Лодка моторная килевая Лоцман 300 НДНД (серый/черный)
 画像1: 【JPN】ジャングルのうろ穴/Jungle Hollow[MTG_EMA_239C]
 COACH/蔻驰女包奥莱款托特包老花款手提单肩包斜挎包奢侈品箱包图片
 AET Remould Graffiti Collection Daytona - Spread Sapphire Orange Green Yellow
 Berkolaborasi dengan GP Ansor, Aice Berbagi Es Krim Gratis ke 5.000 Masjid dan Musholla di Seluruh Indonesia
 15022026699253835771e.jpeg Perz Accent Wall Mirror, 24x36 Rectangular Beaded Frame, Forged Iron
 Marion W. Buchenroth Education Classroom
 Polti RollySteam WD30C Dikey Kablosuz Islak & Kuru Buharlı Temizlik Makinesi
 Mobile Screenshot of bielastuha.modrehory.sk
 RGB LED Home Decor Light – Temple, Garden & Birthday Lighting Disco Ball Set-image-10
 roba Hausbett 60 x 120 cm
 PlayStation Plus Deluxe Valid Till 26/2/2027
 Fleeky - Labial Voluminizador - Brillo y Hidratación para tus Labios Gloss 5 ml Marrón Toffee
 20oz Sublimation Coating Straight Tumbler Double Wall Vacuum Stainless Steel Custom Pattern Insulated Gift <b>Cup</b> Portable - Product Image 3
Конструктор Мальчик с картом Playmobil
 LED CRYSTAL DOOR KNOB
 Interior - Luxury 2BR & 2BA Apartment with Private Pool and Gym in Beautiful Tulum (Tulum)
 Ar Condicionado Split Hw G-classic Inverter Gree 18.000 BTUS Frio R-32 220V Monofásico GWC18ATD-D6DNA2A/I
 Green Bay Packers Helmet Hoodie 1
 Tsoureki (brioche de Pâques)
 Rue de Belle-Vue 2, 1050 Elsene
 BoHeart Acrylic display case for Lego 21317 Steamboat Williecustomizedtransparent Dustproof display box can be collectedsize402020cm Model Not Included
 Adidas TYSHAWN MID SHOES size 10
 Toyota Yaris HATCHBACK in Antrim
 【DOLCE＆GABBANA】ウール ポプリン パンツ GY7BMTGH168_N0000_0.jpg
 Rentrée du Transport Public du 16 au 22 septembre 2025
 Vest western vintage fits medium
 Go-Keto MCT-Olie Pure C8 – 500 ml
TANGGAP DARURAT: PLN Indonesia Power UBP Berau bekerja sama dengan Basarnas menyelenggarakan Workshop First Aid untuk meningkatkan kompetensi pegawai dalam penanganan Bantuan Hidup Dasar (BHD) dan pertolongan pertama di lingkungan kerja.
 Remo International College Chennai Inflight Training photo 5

○ ○ ○ ○

WORK REQUIRED – Above are the entries. Copy exactly the part that opens with the line containing "Berkolaborasi dengan GP" and closes with the line containing "Конструктор Мальчик с картом Playmobil", and no more.

RESULT OF THIS EXERCISE –
 Berkolaborasi dengan GP Ansor, Aice Berbagi Es Krim Gratis ke 5.000 Masjid dan Musholla di Seluruh Indonesia
 15022026699253835771e.jpeg Perz Accent Wall Mirror, 24x36 Rectangular Beaded Frame, Forged Iron
 Marion W. Buchenroth Education Classroom
 Polti RollySteam WD30C Dikey Kablosuz Islak & Kuru Buharlı Temizlik Makinesi
 Mobile Screenshot of bielastuha.modrehory.sk
 RGB LED Home Decor Light – Temple, Garden & Birthday Lighting Disco Ball Set-image-10
 roba Hausbett 60 x 120 cm
 PlayStation Plus Deluxe Valid Till 26/2/2027
 Fleeky - Labial Voluminizador - Brillo y Hidratación para tus Labios Gloss 5 ml Marrón Toffee
 20oz Sublimation Coating Straight Tumbler Double Wall Vacuum Stainless Steel Custom Pattern Insulated Gift <b>Cup</b> Portable - Product Image 3
Конструктор Мальчик с картом Playmobil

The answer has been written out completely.